1. **Header Parsing:** Extract field metadata, compression settings
2. **Stage 2 Decompression:** LZ4/ZSTD decompression if used
3. **Stage 1 Decoding:** Field-specific decoding using appropriate decoders
4. **Point Reconstruction:** Assemble decoded fields into output pointcloud

## Key Design Decisions

### Compression Effectiveness
- **Delta encoding** exploits spatial coherence in pointclouds (nearby points have similar coordinates)
- **Varint encoding** efficiently handles small deltas (common in coherent data)
- **Quantization** removes precision beyond sensor accuracy (1-10mm for typical LiDAR)
- **SIMD processing** accelerates the most common case (XYZ coordinates)

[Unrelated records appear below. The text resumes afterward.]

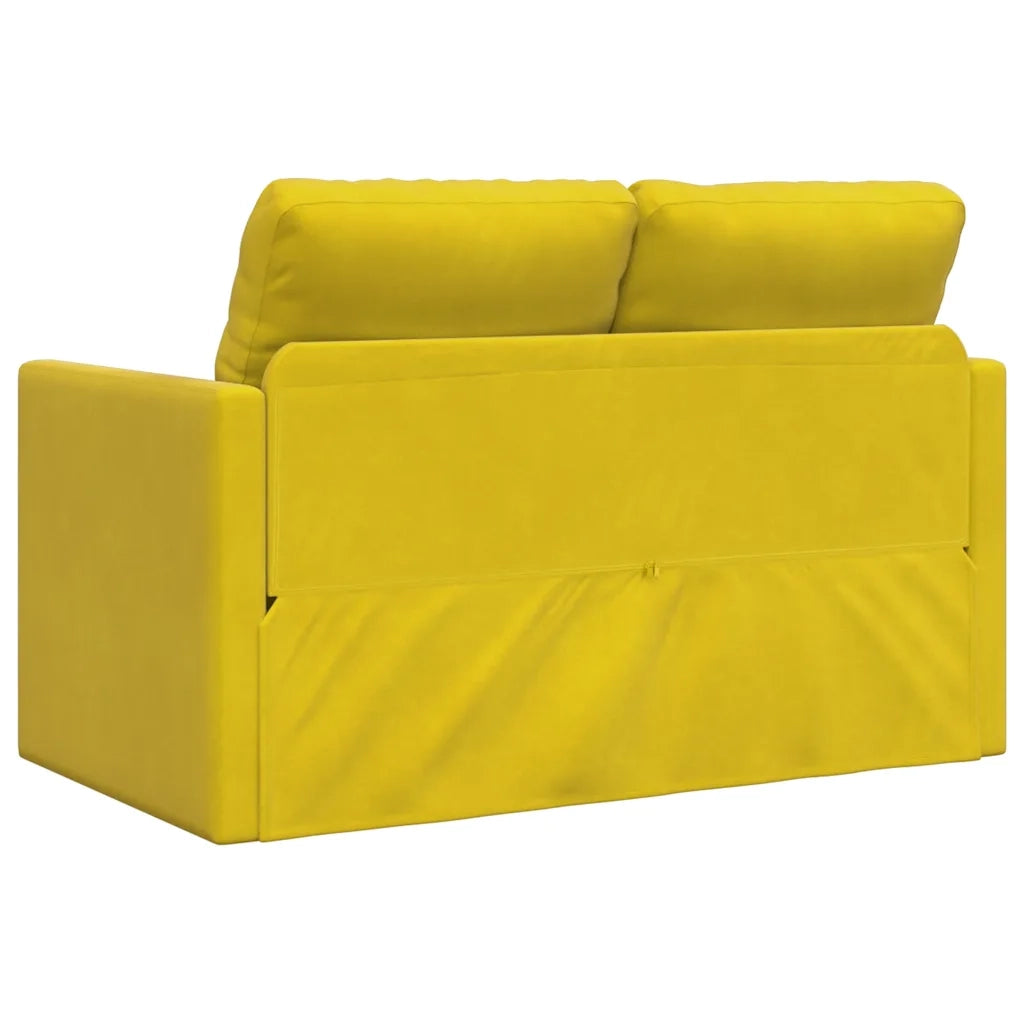 Divano letto | Sof¨¤ letto | Letto singolo da Terra 2 in 1 Giallo Scuro 122x204x55 cm Velluto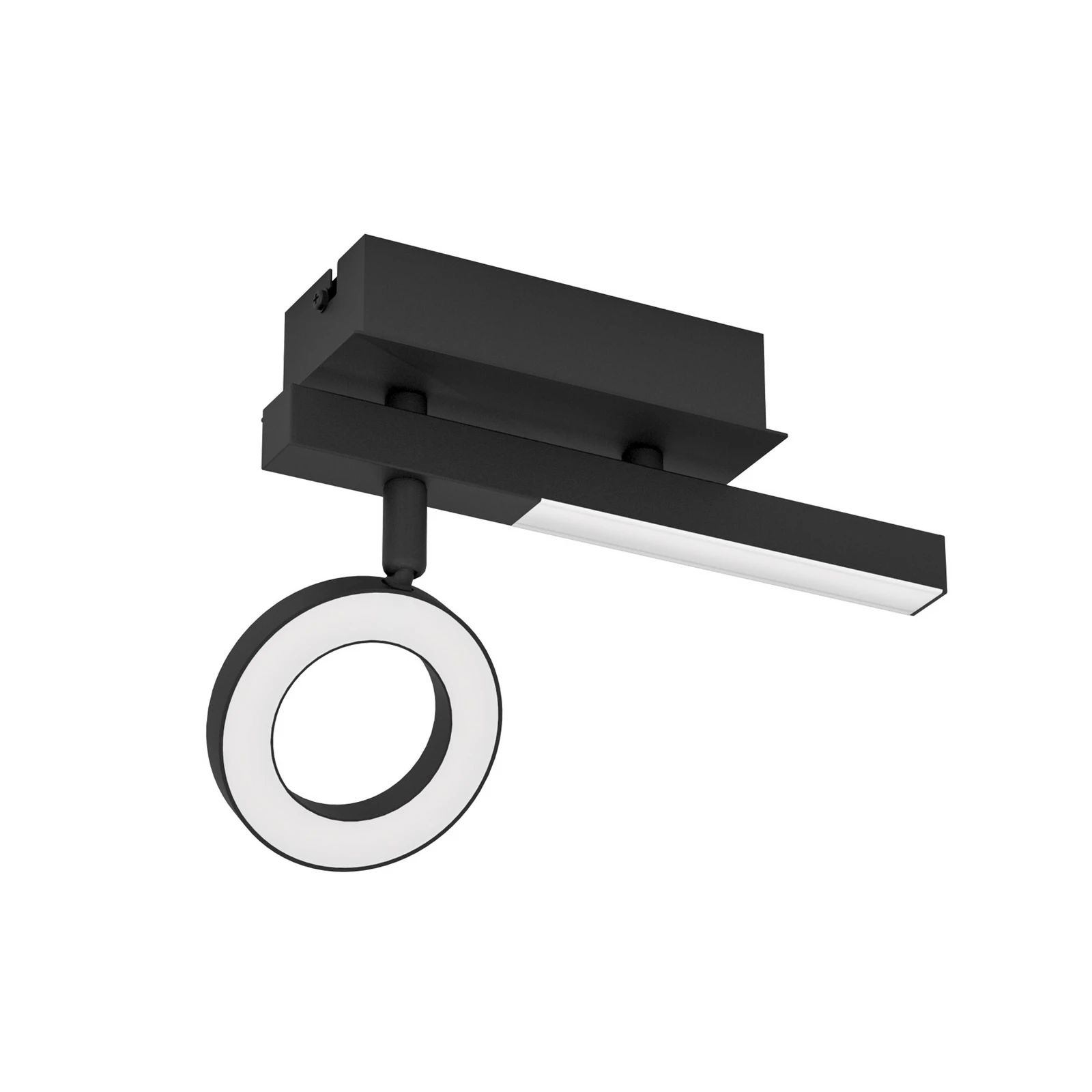 LED-takspot Cardillio 2 svart med én ring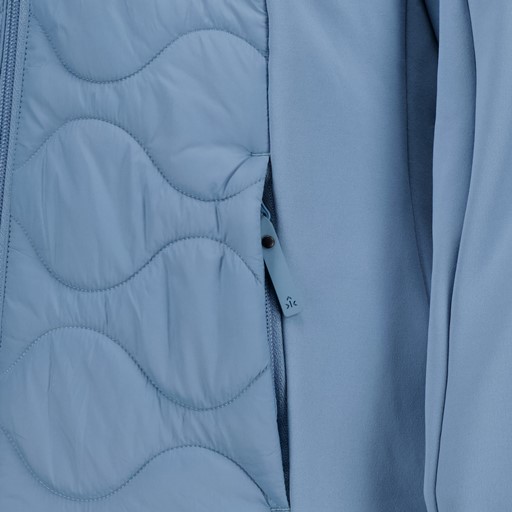 Gewatteerde dames softshell jas blauw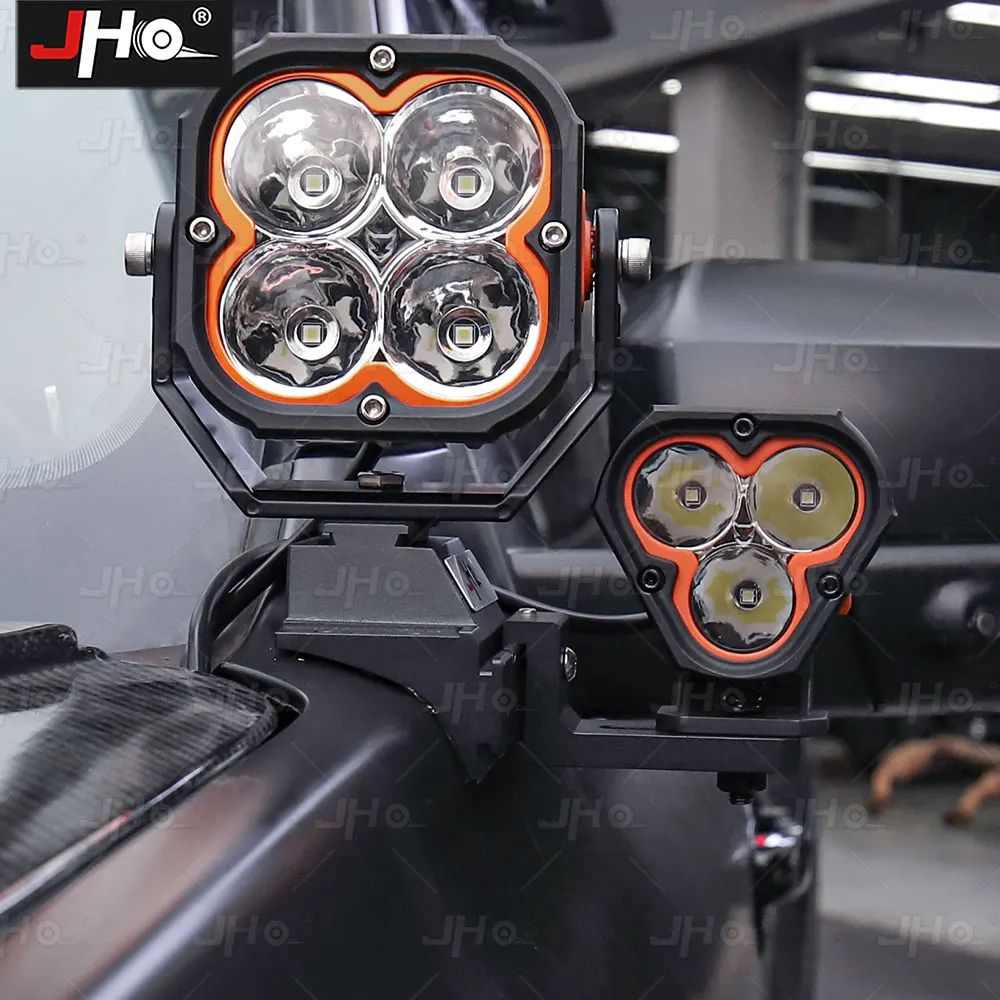 쉐보레 실버라도 ZR2 커스텀 후드 A-필러 장착 보조 작업등용 JHO 앰버/화이트 듀얼 컬러 LED 포드 라이트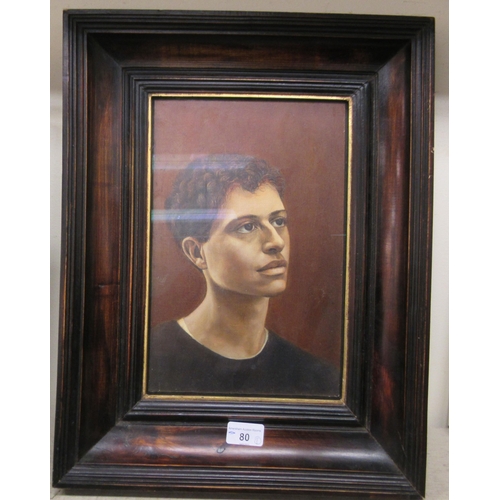 80 - Sarah Spencer - 'Portrait of Chris'  oil on board  bears a label verso  12.5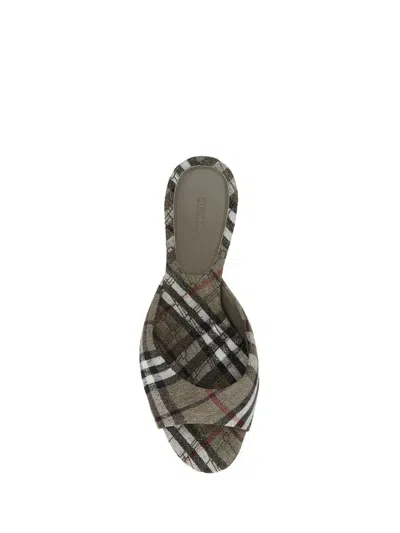 Burberry Khaki Check Linen Blend Mews High Mules In Multicolour
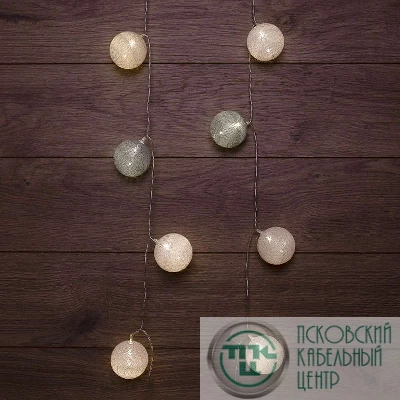 Фонарики тайские "Вельвет" 3.5м 20LED тепл. бел. питание 2хАА (батарейки не в комплекте) провод прозр. ПВХ NEON-NIGHT 303-087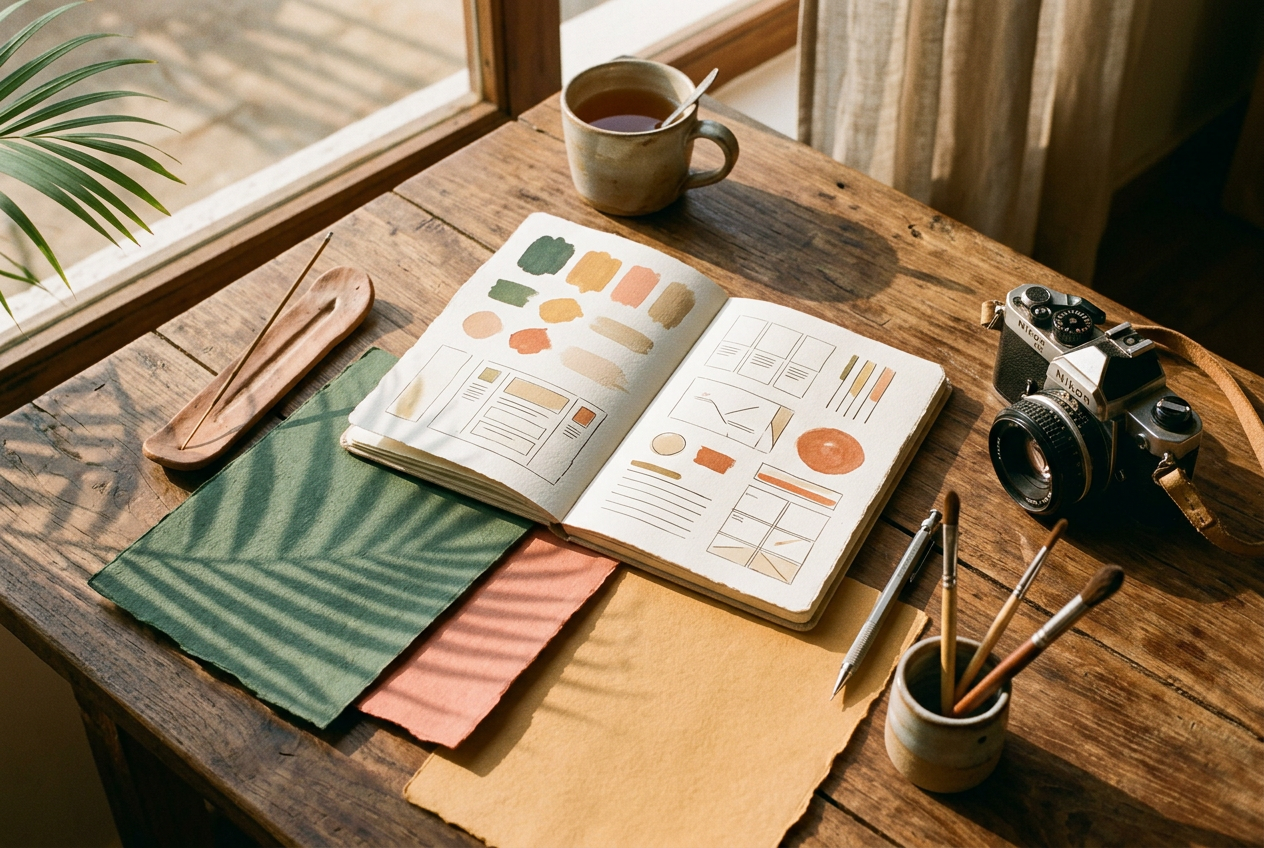 Creative studio desk with a notebook of visual concepts and color swatches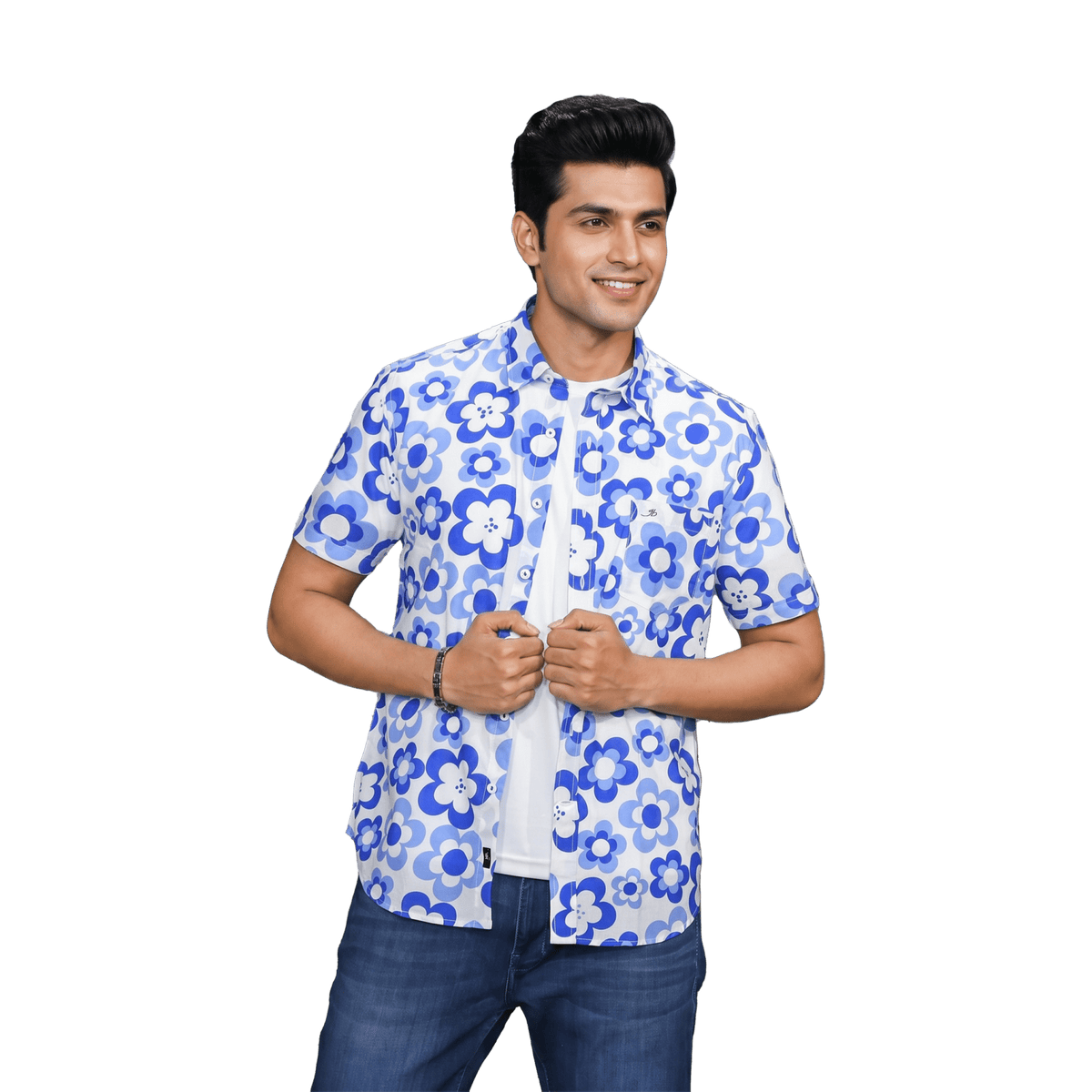 Blue Floral Print Short Sleeve Casual Shirt - Grayblac
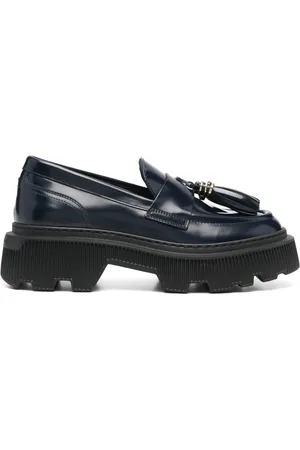 santoni Tassel leather loafers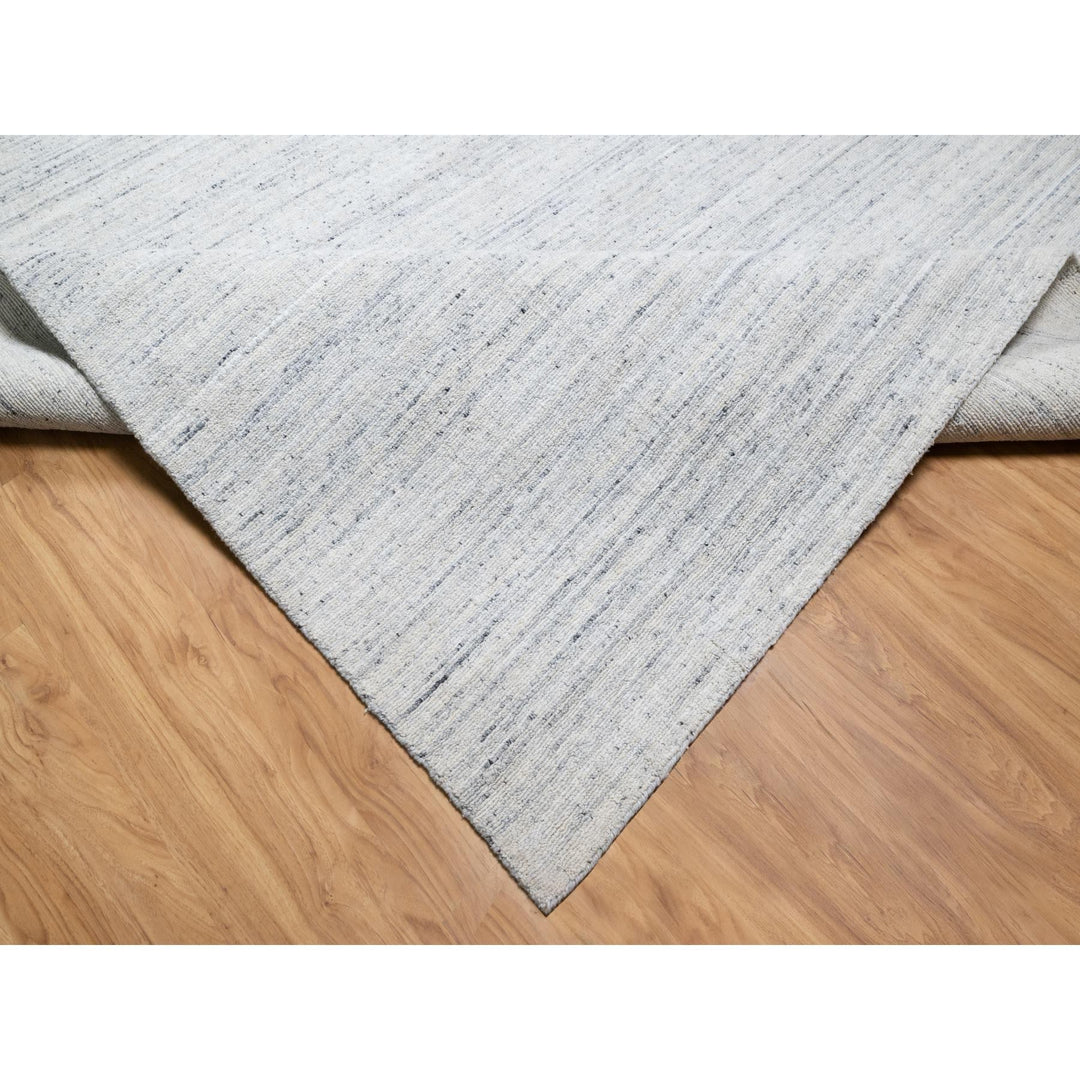 12'1" x 17'9" New Hand Loomed Grey Wool Rectangle Oriental Rug - MOA10290800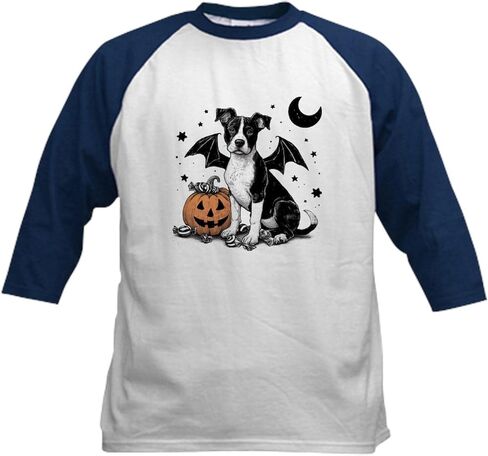 تي شيرت CafePress Halloween Puppy Kids Baseball للأطفال مصنوع من القطن جيرسي البيسبول، قميص بأكمام راجلان 3/4 in Kuwait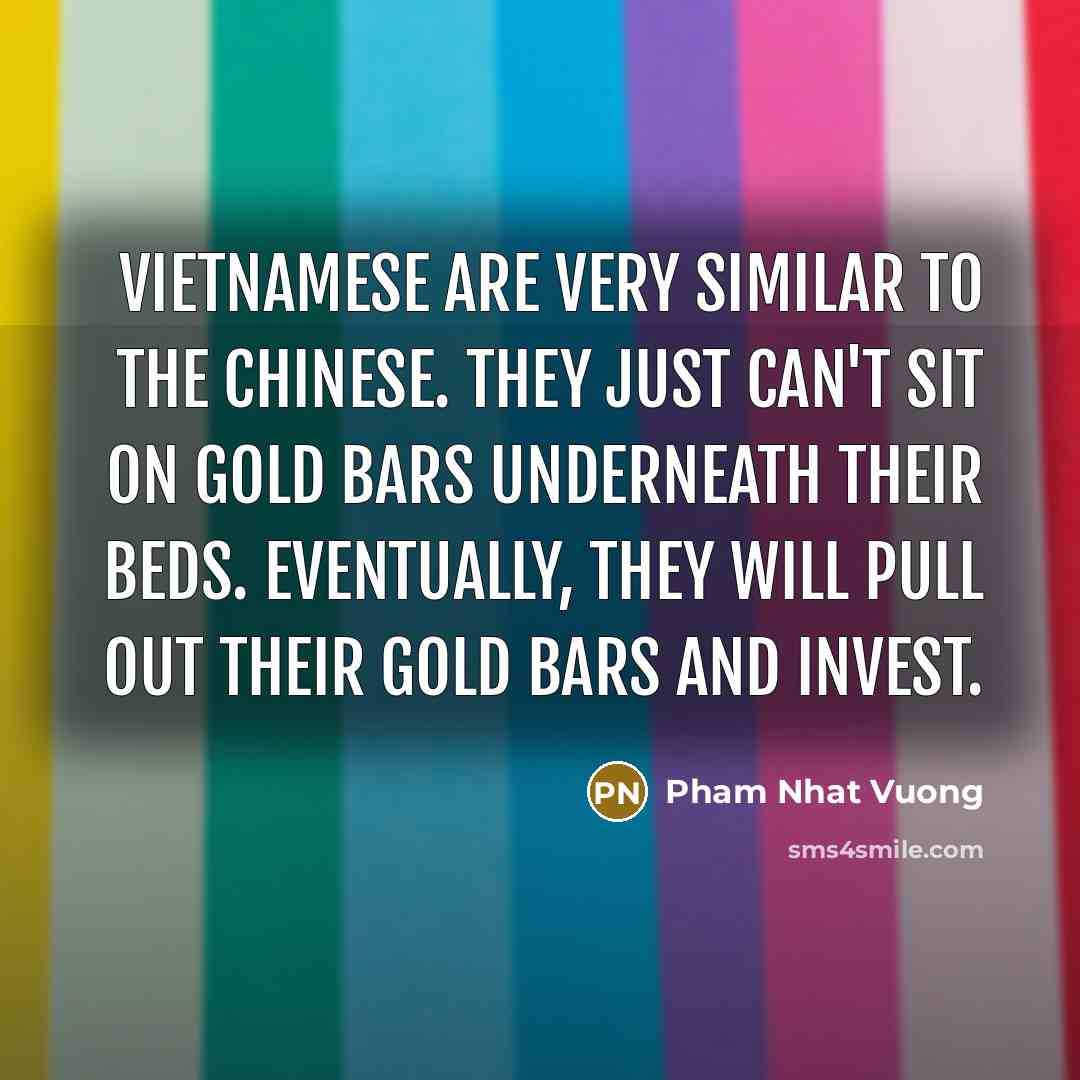 “Vietnamese are very similar to the Chinese. They just can't…” quote by Pham Nhat Vuong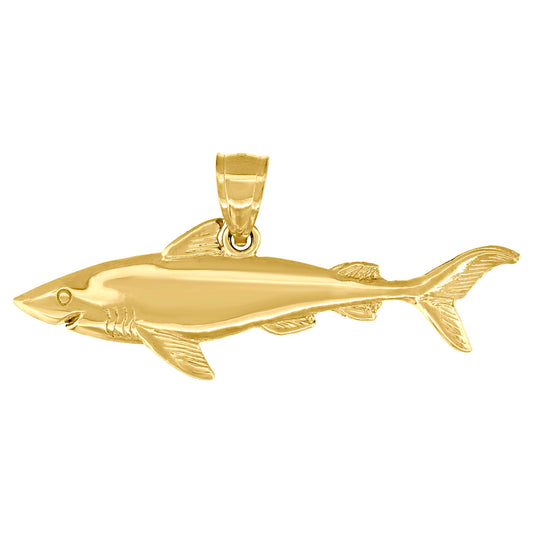 10k Yellow Gold Unisex Shark Animal Charm Pendant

### Performance Optimizations
- **Vectorized operations** using SSE4.1 intrinsics for x86_64
- **Branch prediction hints** for common cases (no NaNs, valid data)
- **Memory layout awareness** with aligned data structures
- **Single-pass processing** with streaming interface

### Robustness
- **Magic header** with version identifier ("CLOUDINI_V02")
- **Self-describing format** with embedded field metadata
- **NaN handling** with special encoding (value 0 reserved)
- **Error checking** for compression/decompression failures

## Data Format Structure

```
[MAGIC_HEADER] [WIDTH] [HEIGHT] [POINT_STEP] [ENCODING_OPT] [COMPRESSION_OPT]
[FIELD_COUNT] [FIELD_1_METADATA] ... [FIELD_N_METADATA] [COMPRESSED_DATA]
```

## Algorithm Characteristics

- **Compression Ratio:** Typically 40-85% size reduction vs raw data
- **Speed:** Faster than LZ4/ZSTD alone due to preprocessing effectiveness
- **Precision:** Configurable quantization with recommended 1mm resolution
- **Compatibility:** Works with standard pointcloud formats (PCL, ROS)
- **Scalability:** Processes millions of points efficiently

This algorithm represents a domain-specific compression approach that leverages pointcloud data characteristics for superior performance compared to general-purpose compression alone.